> _Given entries_
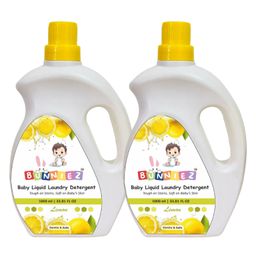 Bunniez Baby Laundry Detergent, Lemon Fragrance | Liquid Detergent for Baby Clothes | Kills Barteria | Free From Harsh Chemicals & Colorant - 2 x 1L (Pack of 2)-27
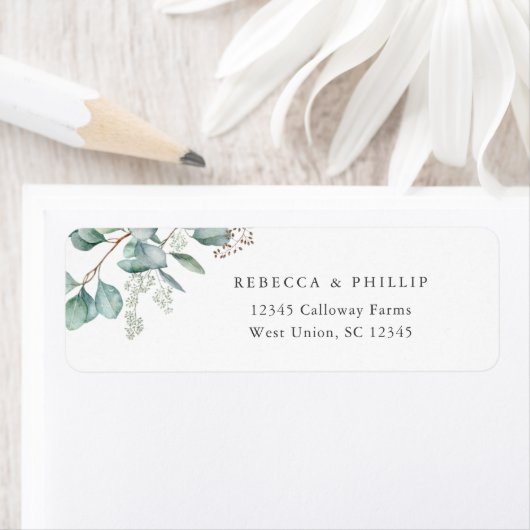 Elegant Eucalyptus Greenery Return Address Etiket (Insitu)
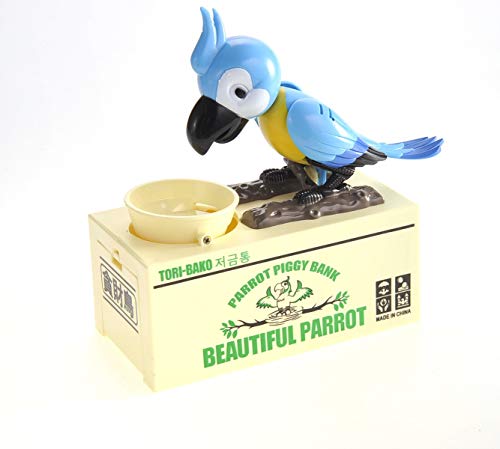 Parrot Coin Bank  Fun and Decorative Savings Jar for Kids and Adults Blue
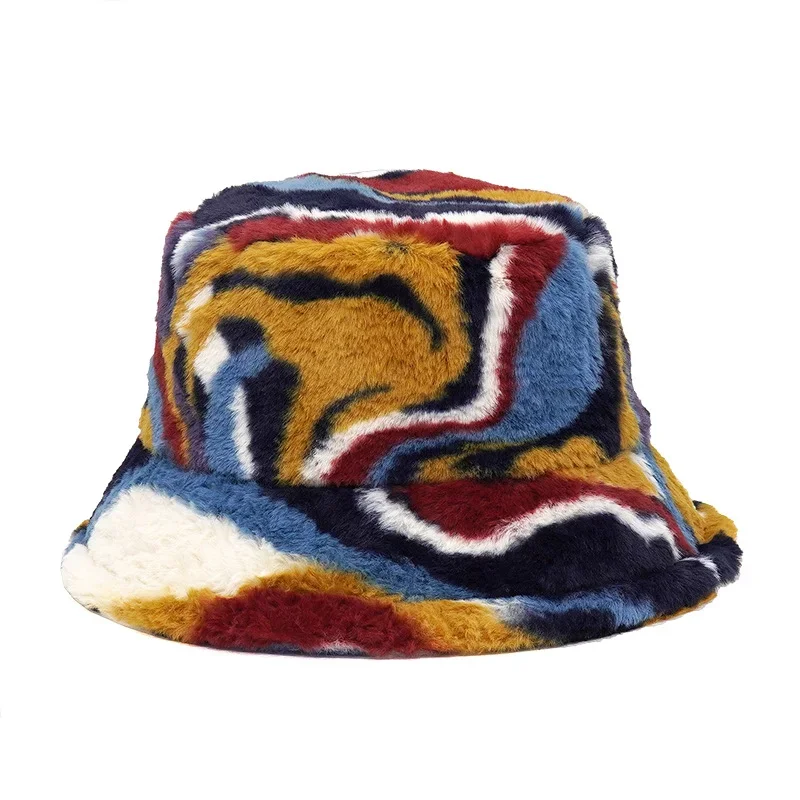 New Winter Bucket-Hats Fluffy Fur Men Women Panama Hat Fashion Warm Fisherman Cap Letter Rainbow Houndstooth Leopard Printed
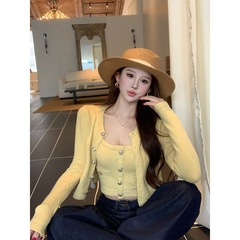 小香风套装女2025秋季新款简约风针织开衫内搭甜辣吊带背心两件套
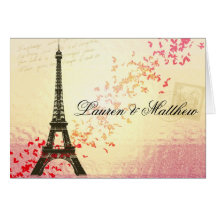 Paris in der Liebe - Eiffel-Turm Grußkarte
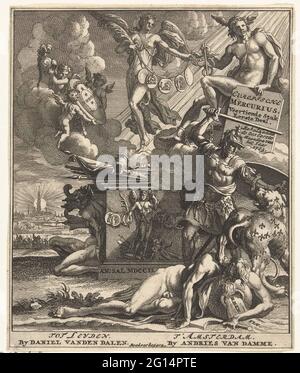 PAGE DE TITRE POUR: EUROPIC MERCURIUS Quatorzième pièce première partie, 1703. Page de titre pour: Europisch Mercury Quatorzième pièce première partie, inclus les 6 premiers mois de l'année 1703. Autel avec l'année 1702 et armes au-dessus de laquelle l'un à ses pieds chaîné Mercure et la victoire. Sur la droite, soulever un guerrier (l'Empire allemand) l'épée contre un lion (France). Au premier plan le dieu du Rhin. Banque D'Images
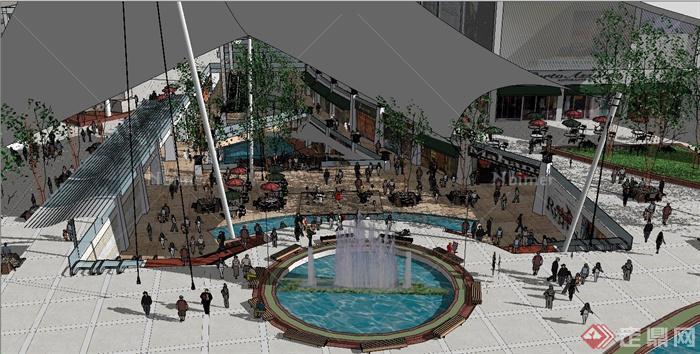 某现代风格下沉式商业广场景观规划设计SU模型[原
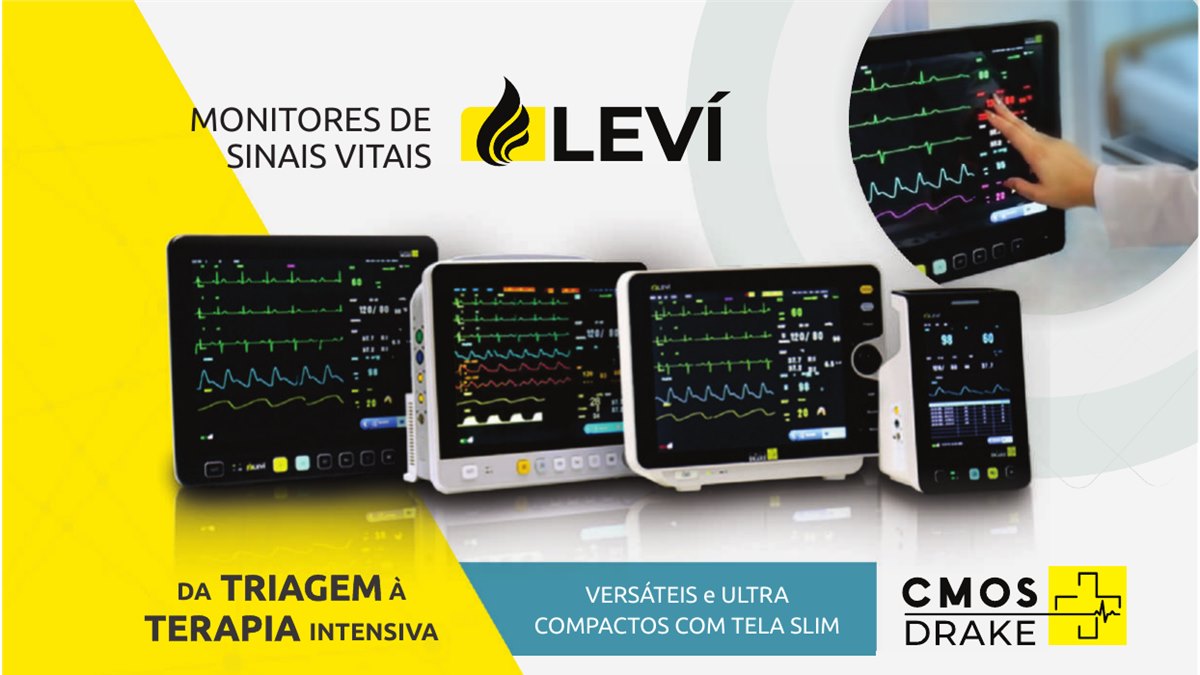 Família de monitores de sinais vitais Levi CMOS Drake em quatro tamanhos de tela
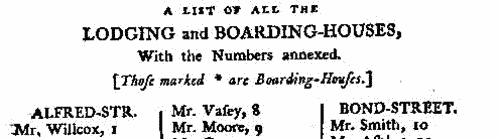 Lodging House and Boarding House Keepers in Bath
 (1799)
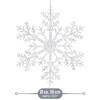 com-four® 3 x large decorative snowflakes pendant, transparent 30 cm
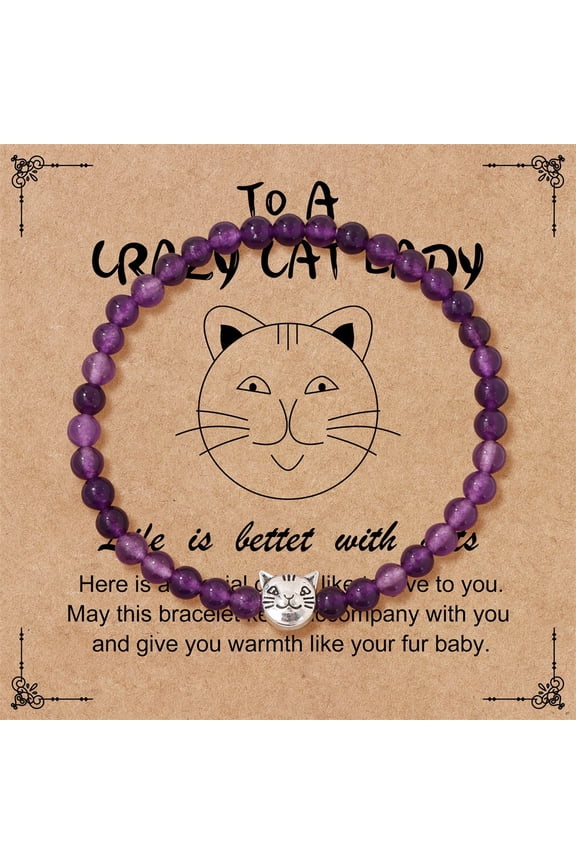 Cat Bracelet for Women Men, 4mm Bead Bracelet Protection, Stretch Bracelet Jewelry Gifts for Cat Lover Mom Girlfriend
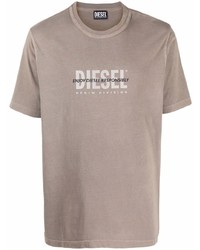 Мужская светло-коричневая футболка с круглым вырезом с принтом от Diesel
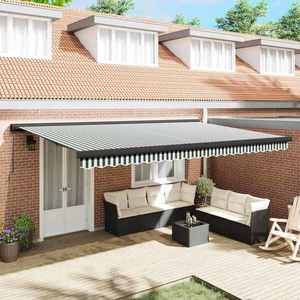 vidaXL Cortina Retractabilă Verde și alb 500 × 300 cm Stofă și Metal imagine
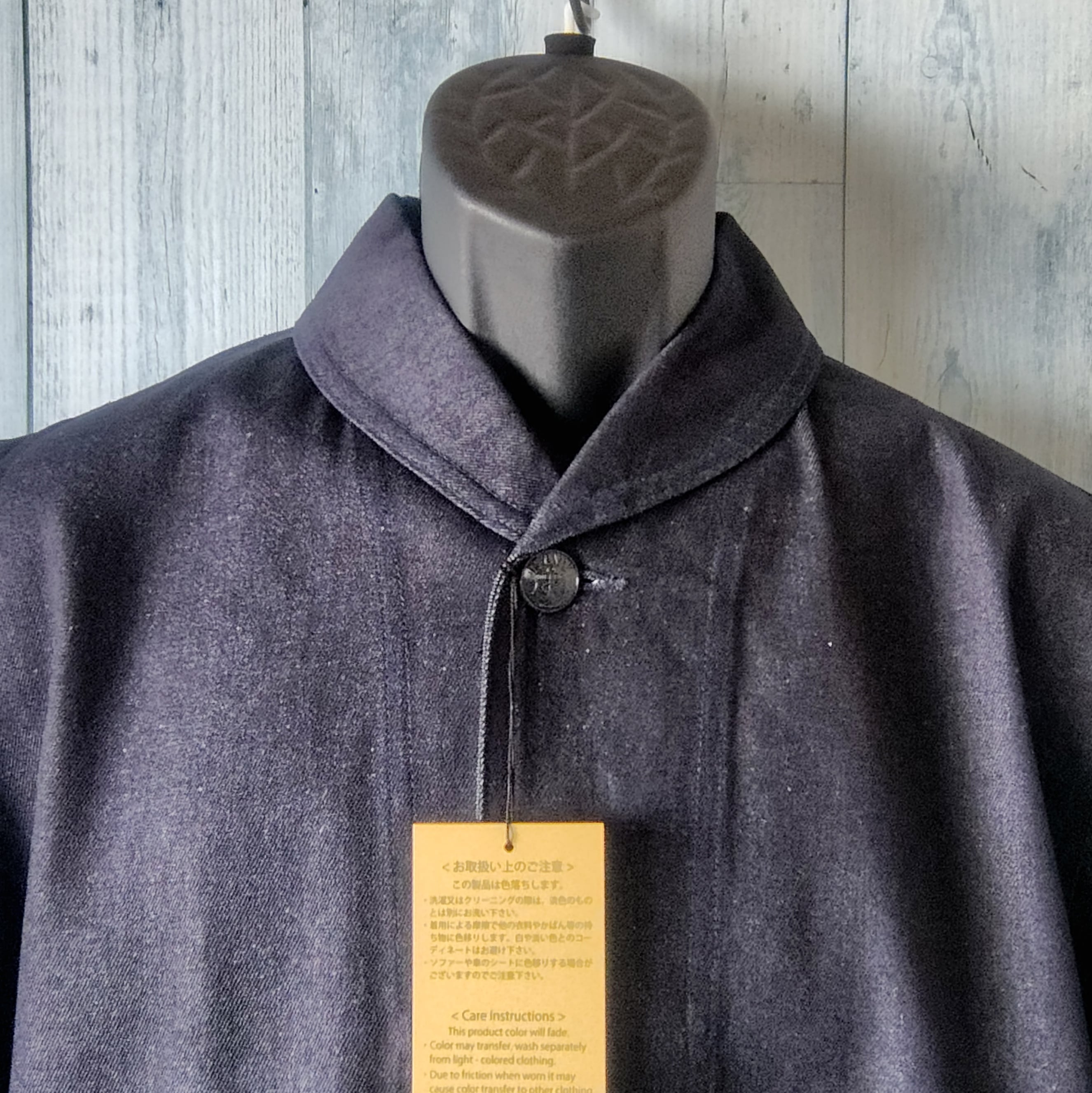 新品】USタイプ NAVY デニムワークジャケット ショールカラー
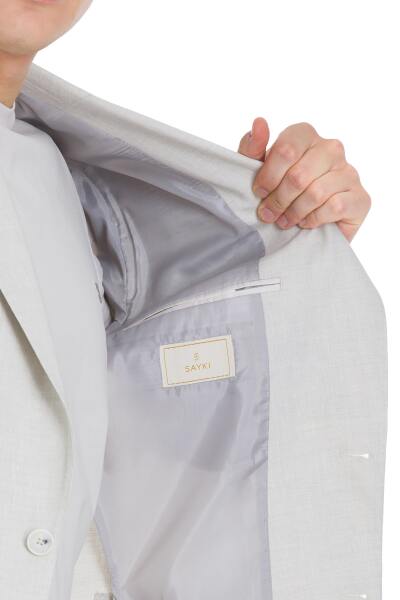 Bej Slim Fit Mono Yaka Keten Takım Elbise - 7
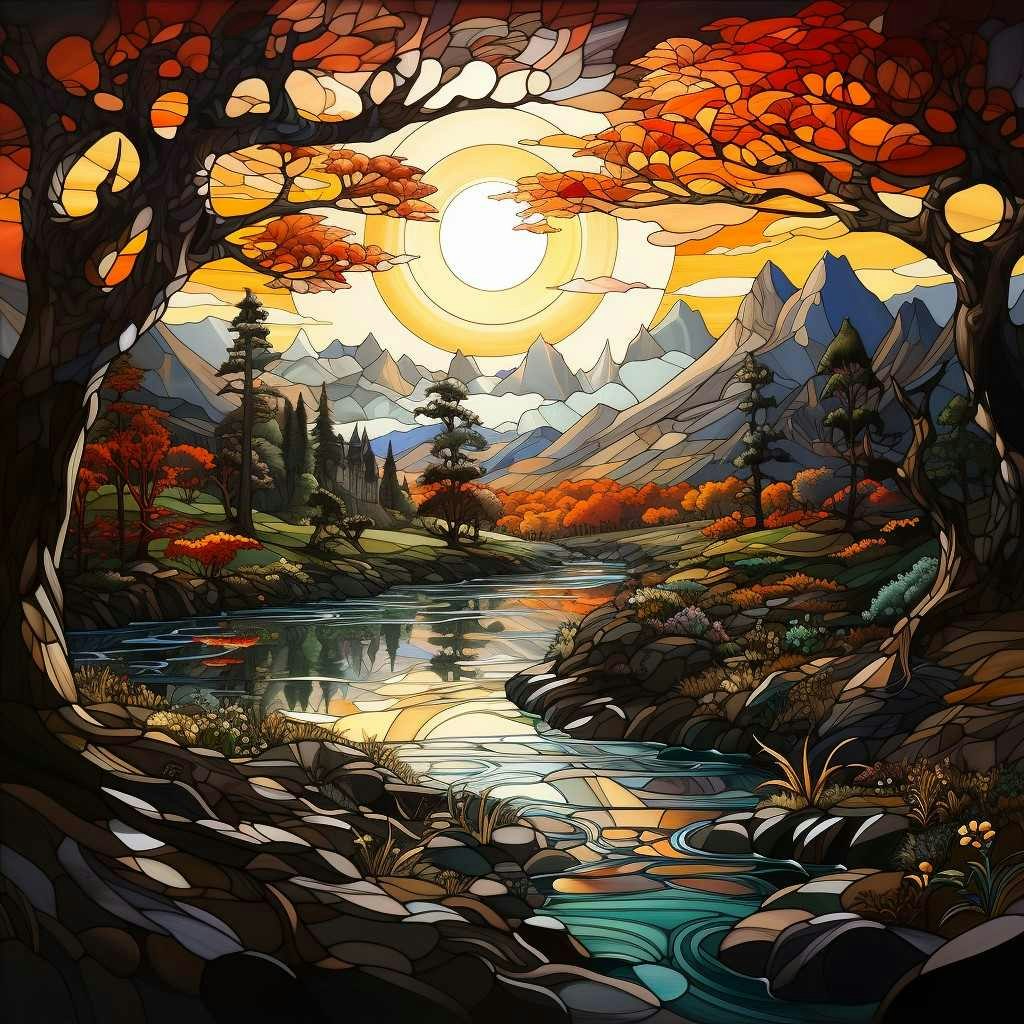 Solnedgang med krystallperler 50x50cm laget av PixelPrimeArt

> _Prompt_
The reply should repeat the listing above exactly and contain no pictures.

> _Solution_
 Bunniez Baby Laundry Detergent, Lemon Fragrance | Liquid Detergent for Baby Clothes | Kills Barteria | Free From Harsh Chemicals & Colorant - 2 x 1L (Pack of 2)-27
 Elegant Eucalyptus Greenery Return Address Etiket (Insitu)
 Parrot Coin Bank  Fun and Decorative Savings Jar for Kids and Adults Blue
 New Winter Bucket-Hats Fluffy Fur Men Women Panama Hat Fashion Warm Fisherman Cap Letter Rainbow Houndstooth Leopard Printed
 小香风套装女2025秋季新款简约风针织开衫内搭甜辣吊带背心两件套
 Paris in der Liebe - Eiffel-Turm Grußkarte
 PAGE DE TITRE POUR: EUROPIC MERCURIUS Quatorzième pièce première partie, 1703. Page de titre pour: Europisch Mercury Quatorzième pièce première partie, inclus les 6 premiers mois de l'année 1703. Autel avec l'année 1702 et armes au-dessus de laquelle l'un à ses pieds chaîné Mercure et la victoire. Sur la droite, soulever un guerrier (l'Empire allemand) l'épée contre un lion (France). Au premier plan le dieu du Rhin. Banque D'Images
 某现代风格下沉式商业广场景观规划设计SU模型[原
 Família de monitores de sinais vitais Levi CMOS Drake em quatro tamanhos de tela
 Lodging House and Boarding House Keepers in Bath
 (1799)
 com-four® 3 x large decorative snowflakes pendant, transparent 30 cm
 Cat Bracelet for Women Men, 4mm Bead Bracelet Protection, Stretch Bracelet Jewelry Gifts for Cat Lover Mom Girlfriend
 Мужская светло-коричневая футболка с круглым вырезом с принтом от Diesel
 vidaXL Cortina Retractabilă Verde și alb 500 × 300 cm Stofă și Metal imagine
 新品】USタイプ NAVY デニムワークジャケット ショールカラー
 Bej Slim Fit Mono Yaka Keten Takım Elbise - 7
 Solnedgang med krystallperler 50x50cm laget av PixelPrimeArt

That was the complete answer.